Increasing Retention in ESL Programs

Retaining Adult ESL Learners in Class

Image courtesy of nuchylee at FreeDigitalPhotos.net
Image courtesy of nuchylee at FreeDigitalPhotos.net

One challenge many ESL instructors face is retaining students in their classes. Throughout the semester, you may see your class size dwindle as students attend class irregularly, or disappear altogether. Some factors for this are beyond the instructor’s control; changing work schedules, family responsibilities, and transportation issues are some of the issues that can affect students’ attendance and ability to continue the course. Other barriers to success are more internal. Low self-esteem and embarrassment from the possibility of making mistakes can prevent students from participating in class and improving their oral language skills. Frustration at the slow progress of acquiring language skills may discourage students from continuing with the course. Also, some students may not feel supported by their instructors, peers, or even their families in their pursuit of English education.

However, there are steps instructors can take to help students combat each of these obstacles and persevere in their studies. Following are some common barriers to regular class attendance, and some strategies for encouraging students to continue with their studies, thereby increasing class retention.

Students feel uncomfortable and unsupported in the classroom.

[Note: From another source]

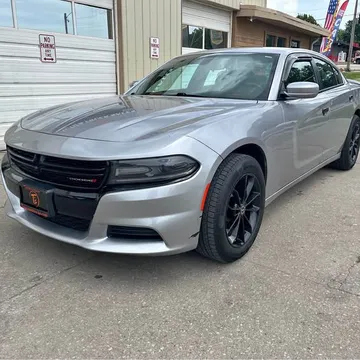 2016 Dodge Charger Police Interceptor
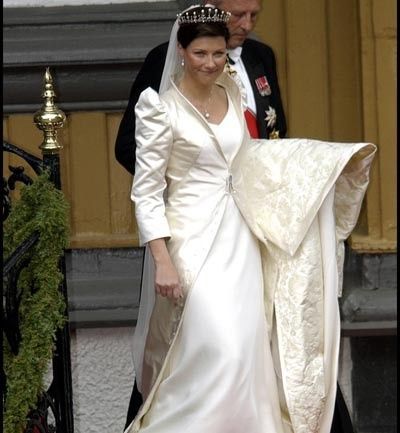 vestido de novia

Create a welcoming environment in your classroom. Make time to speak to each of your students individually at the beginning of the semester and get to know them. Make yourself available shortly before or after class to answer questions and arrange times to meet with any students who need extra guidance. Also, have students get to know each other by learning everyone’s names and assigning group activities during class to give them opportunities to work together.

To alleviate any anxiety students may feel at the prospect of making mistakes in front of the class, reassure them that failure is normal and a part of the learning experience that will lead them to success. Share your own mistakes and failures in learning a second language, and how you learned from them and improved your language skills. Recognize and praise students’ efforts to participate in class whether their answers are right or wrong.

Students feel frustrated and discouraged that their progress is slower than they anticipated.

Learning a second language is hard work and takes a long time, and the difference between a student’s expectation of how long it will take them to learn English and the reality of how long it can really take, especially when juggled with all of their other responsibilities, can lead to frustration. To give students a barometer by which to measure their success, work with students to establish realistic goals and timelines to accomplish them throughout the semester. Goals can include ordering a meal, making a doctor’s appointment, or asking for directions and understanding the responses. Then meet with them regularly to discuss their progress. You may even create competency checklists at the beginning of the semester so students have a tangible source by which to measure their progress.

Personal responsibilities interfere with the student’s ability to attend class.

Many adult students balance their studies with jobs and families, and some often miss class to attend to these responsibilities, leading to irregular attendance or dropping out altogether. Financial issues are another factor that can interfere with a student’s ability to attend class. To find out what the barrier may be, contact the student about their attendance, then depending on the issue, lead them to resources and organizations that can help with their needs, like for employment, transportation, childcare, or tuition. If the issue has more to do with scheduling, let them know that there are other sections of the course and they can switch to another class at a time that is better for them. Some students drop out of the program because they think that once they have stopped attending a course, they can no longer return. Let them know that they will always be welcome to return to the program at a later date.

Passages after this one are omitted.